For Bird Watcher's Digest, September 2011

by Michael and Diane Porter

Michael and Diane Porter wrote the following review, which appeared in the September, 2011, Bird Watcher's Digest. It discusses the necessary design principles of a binocular-camera. It also gives an in-depth look at the Bushnell Image-View SyncFocus binocular-camera.


The heart of the camera

The sensor is the heart of every digital camera. It’s the small, rectangular piece of electronics that the lens focuses its image onto. It’s made up of millions of tiny light-sensitive rectangles, called pixels. Each pixel’s job is to convert the intensity of the small bit of light falling onto it into an electrical voltage, so that voltage can be converted to a number. The numbers get stored as picture data and are used later to recreate the image. The number of pixels on a sensor is a measure of its resolution and relates to the amount of detail that the sensor can capture.

A sensor with lots of pixels is good for bird pictures. The extra resolution allows you to later crop the image so the bird fills the frame but retains plenty of sharp detail.

Sensors come in various sizes and with various numbers of pixels. It’s possible to manufacture a smaller sensor with just as many pixels as a larger one. However, as the size of the pixels gets smaller, their ability to accurately measure the light falling on them also diminishes. This loss of accuracy becomes problematical when we want to capture very short intervals of time—like when we need fast shutter speeds to photograph birds.

On most cameras, you can increase the shutter speed by boosting the sensitivity of the sensor. You do that by turning up the ISO setting. However, if you increase the ISO setting too much, you start getting noise artifacts in your pictures, like grainy-looking skies.

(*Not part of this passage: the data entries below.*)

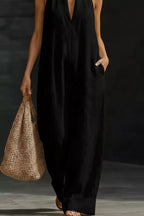 Women's sleeveless wide-leg jumpsuit with pockets, casual chic romper by Trendsi, shown in a stylish fit with pockets and relaxed silhouette.
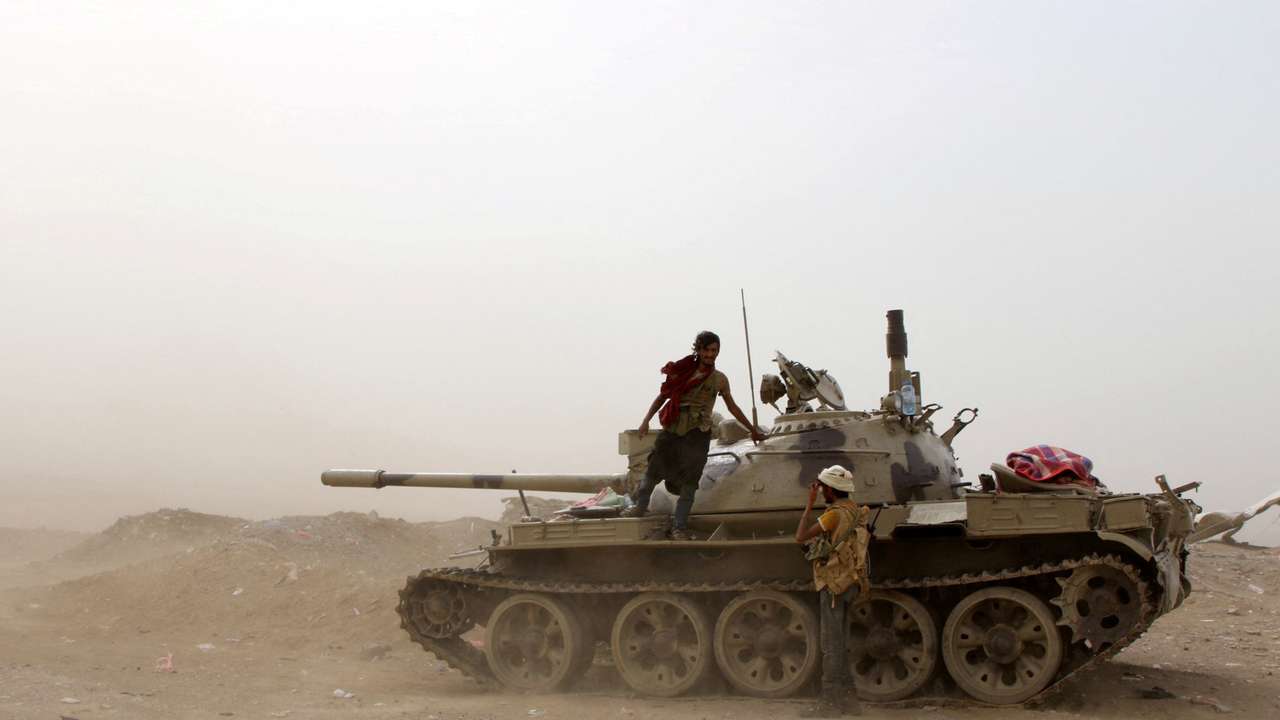 FILE PHOTO: Members of UAE-backed southern Yemeni separatist forces stand by a tank during clashes with government forces in Aden
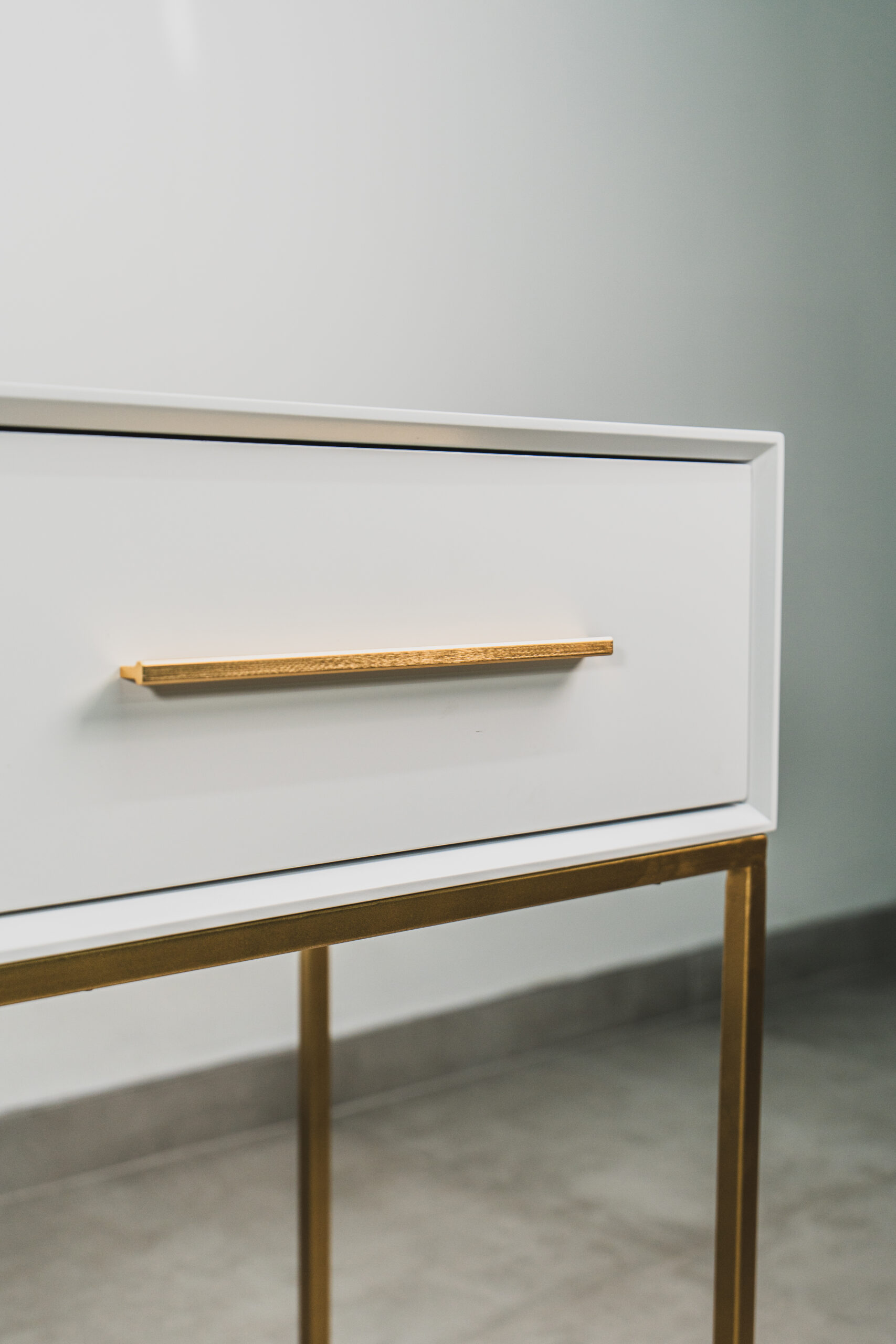 White and gold bedroom dressing table close-up featuring textured gold handle detail and minimalist modern design.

A larger sensor, with larger pixels, will allow shorter exposures without causing that grainy look. The problem for binocular-cameras is that a larger sensor requires a larger lens. The lens has to be big enough to create an image that fully covers the sensor. That’s why you see those fat, long lenses on the sidelines at football games where photographers, like birders, are trying to capture close-ups of subjects in motion far away.

Also, it’s a principle of optics that the resolution of a lens is directly proportional to its diameter. You can see this when you test birding scopes. An 80mm scope will clearly outperform a 60mm scope of the same quality. The lens on this camera-binocular is small. The SyncFocus lens diameter is 12.5 mm. In contrast, the diameter of the front lens of the Canon EF 100-400mm f/4.5-5.6L is about 65 mm.

Of course, these are the limitations of current technology. But let's take a look at what the future holds.

NEXT: What's coming in the future?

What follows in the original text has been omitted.